On this page:
7.1 Creating Tabular Data
7.2 Extracting Rows and Cell Values
7.3 Functions over Rows
7.4 Processing Rows
7.4.1 Finding Rows
7.4.2 Ordering Rows
7.4.3 Adding New Columns
7.4.4 Calculating New Column Values
7.5 Examples for Table-Producing Functions

7 Introduction to Tabular Data

    7.1 Creating Tabular Data

    7.2 Extracting Rows and Cell Values

    7.3 Functions over Rows

    7.4 Processing Rows

      7.4.1 Finding Rows

      7.4.2 Ordering Rows

      7.4.3 Adding New Columns

      7.4.4 Calculating New Column Values

    7.5 Examples for Table-Producing Functions

Many interesting data in computing are tabulari.e., like a table—in form. First we’ll see a few examples of them, before we try to identify what they have in common. Here are some of them:
  • An email inbox is a list of messages. For each message, your inbox stores a bunch of information: its sender, the subject line, the conversation it’s part of, the body, and quite a bit more.

  • A music playlist. For each song, your music player maintains a bunch of information: its name, the singer, its length, its genre, and so on.

  • A filesystem folder or directory. For each file, your filesystem records a name, a modification date, size, and other information.

Do Now!

Can you come up with more examples?

How about:
  • Responses to a party invitation.

  • A gradebook.

  • A calendar agenda.

You can think of many more in your life!

What do all these have in common? The characteristics of tabular data are:
  • They consists of rows and columns. For instance, each song or email message or file is a row. Each of their characteristics—the song title, the message subject, the filename—is a column.
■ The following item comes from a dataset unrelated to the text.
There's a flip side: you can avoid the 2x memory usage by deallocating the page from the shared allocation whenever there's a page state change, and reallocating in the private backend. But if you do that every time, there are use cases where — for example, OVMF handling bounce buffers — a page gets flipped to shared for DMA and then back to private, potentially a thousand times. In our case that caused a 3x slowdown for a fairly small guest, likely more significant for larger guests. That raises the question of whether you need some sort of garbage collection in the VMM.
  • Each row has the same columns as the other rows, in the same order.

  • A given column has the same type, but different columns can have different types. For instance, an email message has a sender’s name, which is a string; a subject line, which is a string; a sent date, which is a date; whether it’s been read, which is a Boolean; and so on.
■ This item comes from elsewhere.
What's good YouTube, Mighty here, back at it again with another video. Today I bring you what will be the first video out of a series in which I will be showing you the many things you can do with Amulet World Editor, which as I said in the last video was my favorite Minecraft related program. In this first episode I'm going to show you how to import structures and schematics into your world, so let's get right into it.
  • The rows might be in some particular order. For instance, the emails are ordered by which was most recently sent.

Exercise

Find the characteristics of tabular data in the other examples described above, as well as in the ones you described.

We will now learn how to program with tables and to think about decomposing tasks involving them.You can also look up the full Pyret documentation for table operations.

7.1 Creating Tabular Data

Pyret provides multiple easy ways of creating tabular data. The simplest is to define the datum in a program as follows:

table: name, age row: "Alice", 30 row: "Bob", 40 row: "Carol", 25 end

That is, a table is followed by the names of the columns in their desired order, followed by a sequence of rows. Each row must contain as many data as the column declares, and in the same order.

Exercise

Change different parts of the above example—e.g., remove a necessary value from a row, add an extraneous one, remove a comma, add an extra comma, leave an extra comma at the end of a row—and see what errors you get.

Note that in a table, the order of columns matters: two tables that are otherwise identical but with different column orders are not considered equal.

check: table: name, age row: "Alice", 30 row: "Bob", 40 row: "Carol", 25 end is-not table: age, name row: 30, "Alice" row: 40, "Bob" row: 25, "Carol" end end

Observe that the example above uses is-not, i.e., the test passes, meaning that the tables are not equal.

Table expressions create table values. These can be stored in variables just like numbers, strings, and images:

people = table: name, age row: "Alice", 30 row: "Bob", 40 row: "Carol", 25 end

We call these literal tables when we create them with table. Pyret provides other ways to get tabular data, too! In particular, you can import tabular data from a spreadsheet, so any mechanism that lets you create such a sheet can also be used. You might:
  • create the sheet on your own,

  • create a sheet collaboratively with friends,

  • find data on the Web that you can import into a sheet,

  • create a Google Form that you get others to fill out, and obtain a sheet out of their responses

and so on. Let your imagination run wild! Once the data are in Pyret, the language doesn’t care where they came from.

With tables, we begin to explore data that contain other (smaller) pieces of data. We’ll refer to such data as compound data. Compound data organizes its inner data in a structured way (here, rows and columns). As with images, when we wrote code that reflected the structure of the final image, we will see that code that works with tables also follows the structure of the data.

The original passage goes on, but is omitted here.